LUCIA, F. JERRY, Bureau of Economic Geology, The University of Texas at Austin, Austin, TX

ABSTRACT: Predictive Model for Porosity Distribution in Cyclic Carbonate Rocks Dolomitized by Refluxing Hypersaline Brines

Key constraints in a geologic model that predicts the distribution of dolomite and porosity of dolomite are (1) the chemistry of the dolomitizing fluid, (2) the source of the fluid, (3) the flow-paths of the fluid, and (4) the duration of the dolomitization process. In a hypersaline-reflux system, the source of dolomitizing fluids is an evaporitic tidal flat or pond, and the flow paths are downward and basinward. The extend of the dolomitization process in any specific area is a function of the residence time of the tidal flat or hypersaline pond in that area and the pore-volumes of dolomitizing fluid. Because dolomitizing fluids carry additional carbonate to the site of dolomitization, the longer the duration of the dolomitizing process the lower the porosity of the resulting rock.

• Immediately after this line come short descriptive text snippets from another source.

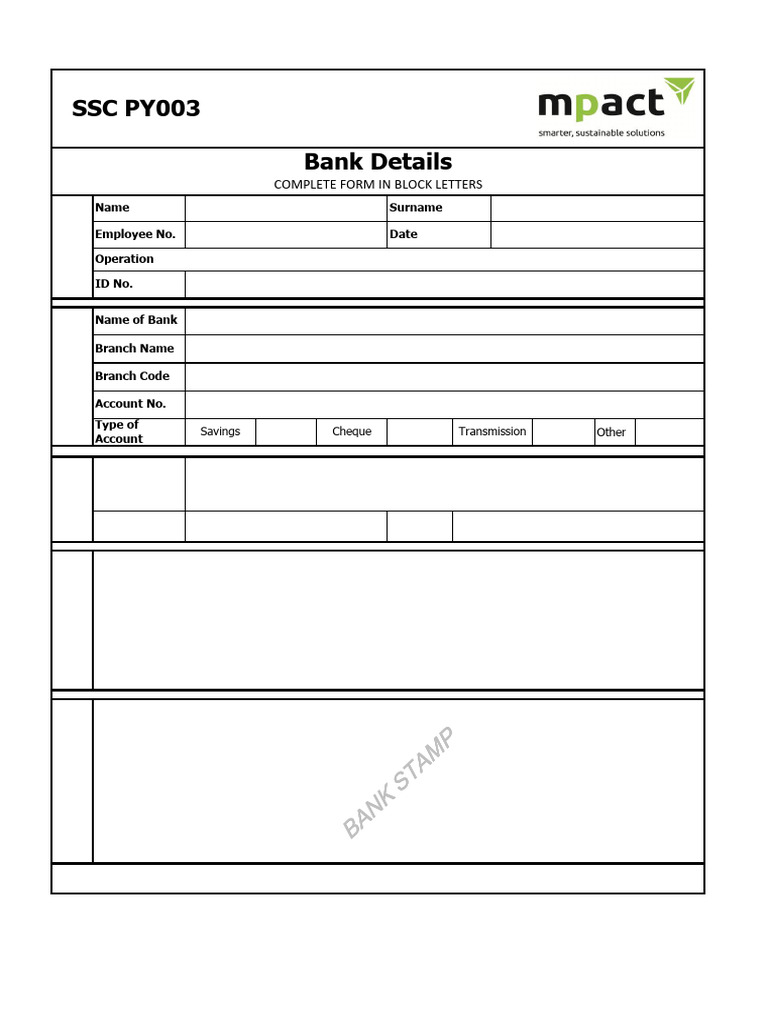 Ess - Py003 Bank Form | PDF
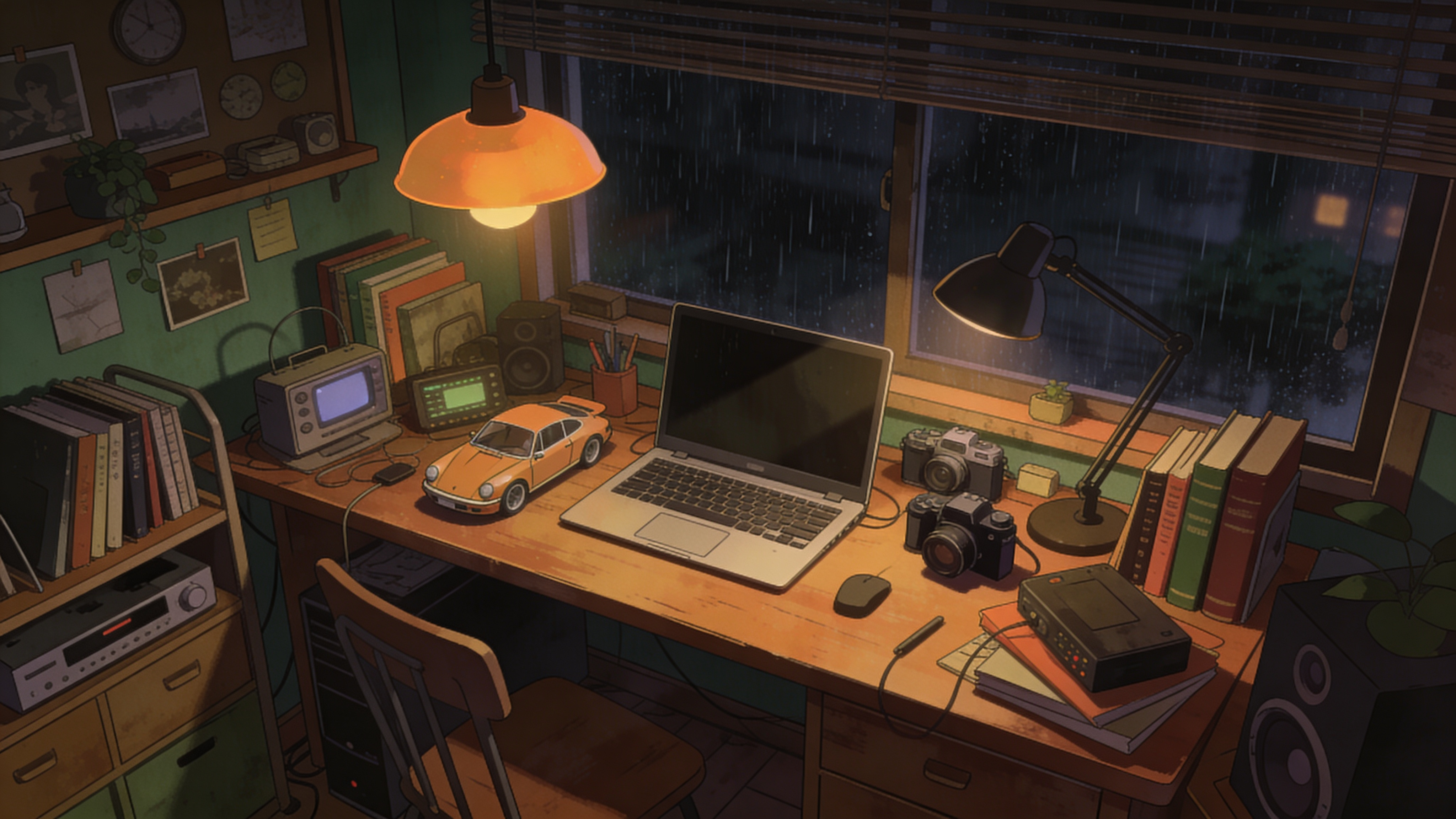 Cozy Vintage Workspace On A Rainy Night
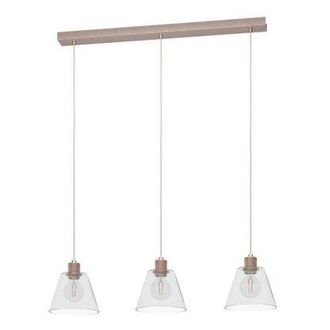 Eglo L&aacute;mpara Techo 3 Focos Cristal Y Oro Rosado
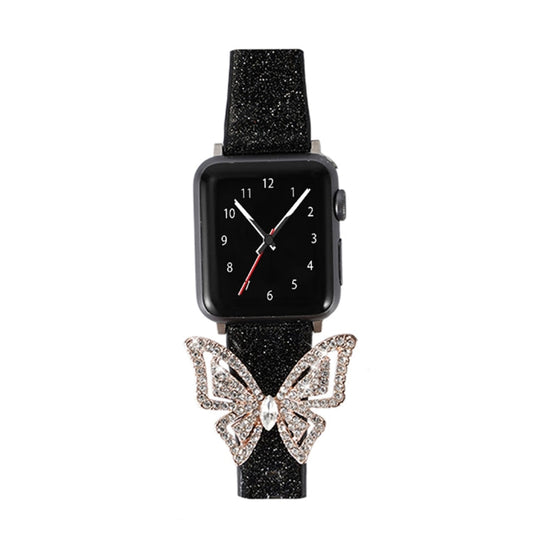 Rynx | For Apple Watch 5 & 4 44mm / 3 & 2 & 1 42mm Bow Glitter Diamond Watch Band (Black)
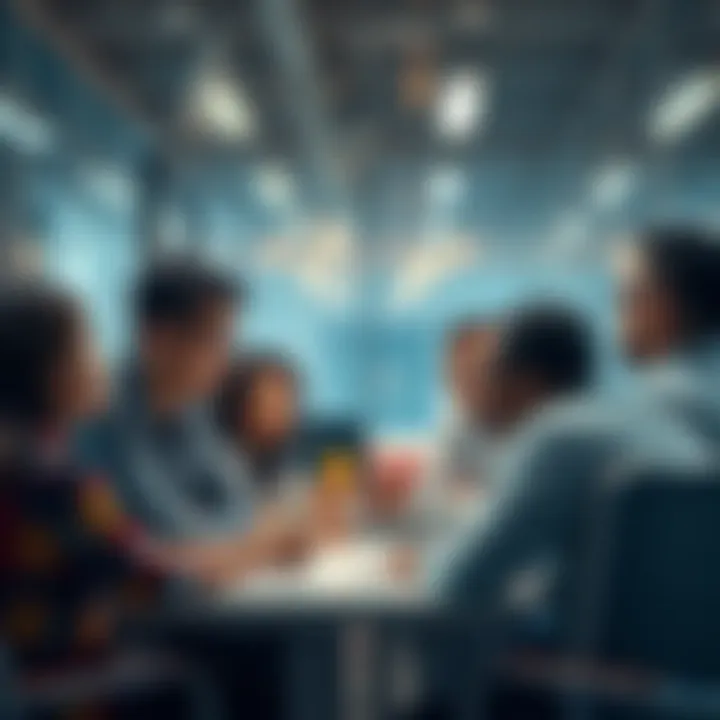 A diverse group of people discussing innovation strategies in a modern office setting.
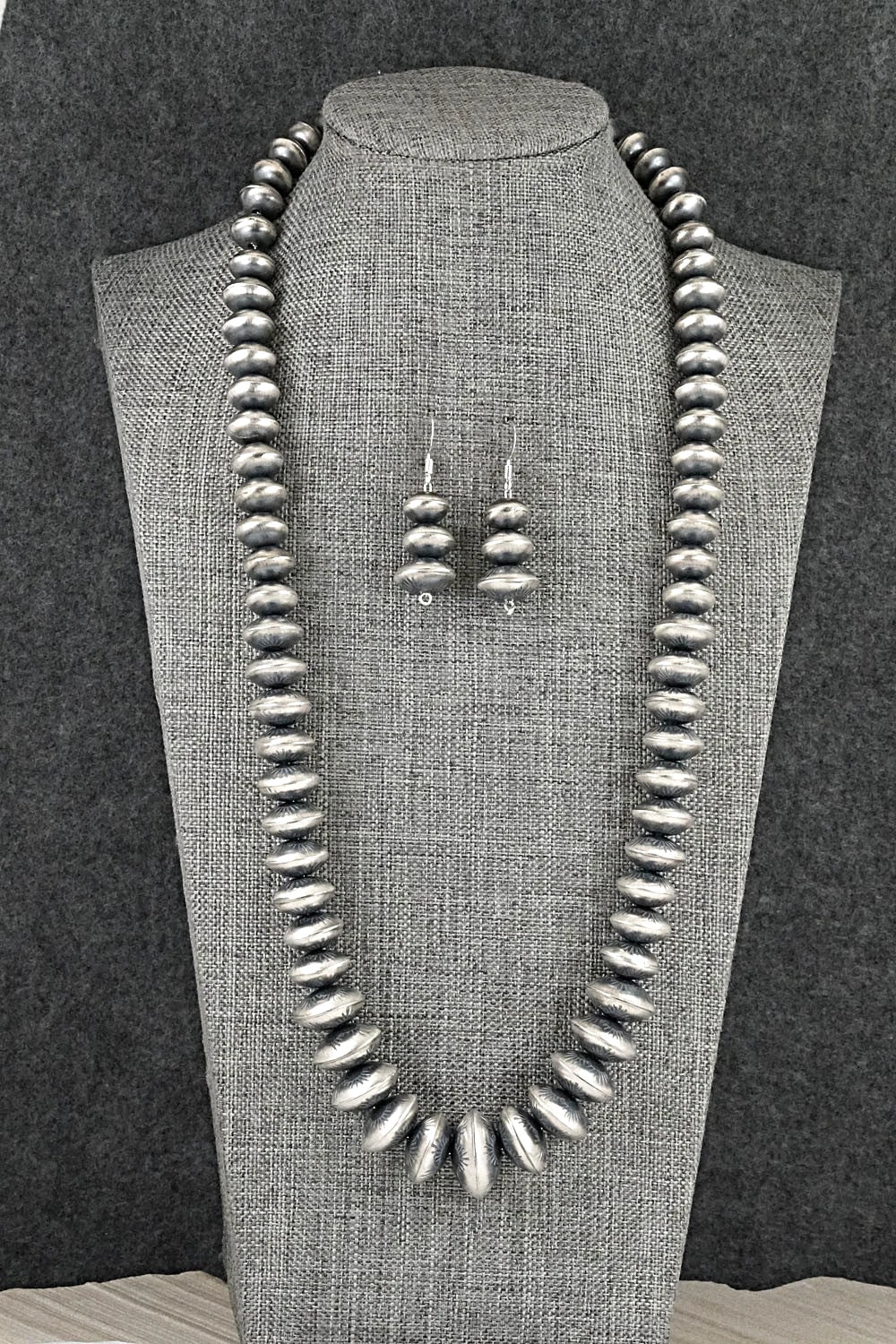 Sterling Silver Navajo Pearl Necklace and Earrings Set - Angeline Miller
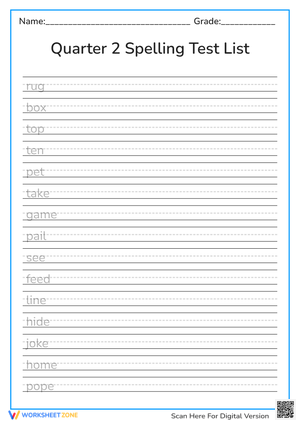 Grade 1 Spelling Test List — Essential Handwriting Guide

Consider hypersaline-reflux dolomitization active in a ramp or platform

in which fluctuating sea level results in cyclic stacking of upward-shoaling carbonate units capped by tidal-flat deposits This situation that can be equated with sea-level highstand and falling sea level. A single, high-frequency sea-level fluctuation cycle will result in deposition of a wedged-shaped dolomite unit that, in its landward part, is thicker, has more tidal-flat residence time, and was flushed with a larger volume of refluxing dolomitizing brine than in its seaward part. A stack of several of these upward-shoaling tidal-flat cycles could form a dolomite unit hundreds of feet thick in which the seaward parts are more porous than the landward parts.

AAPG Search and Discovery Article #90987©1993 AAPG Annual Convention, New Orleans, Louisiana, April 25-28, 1993.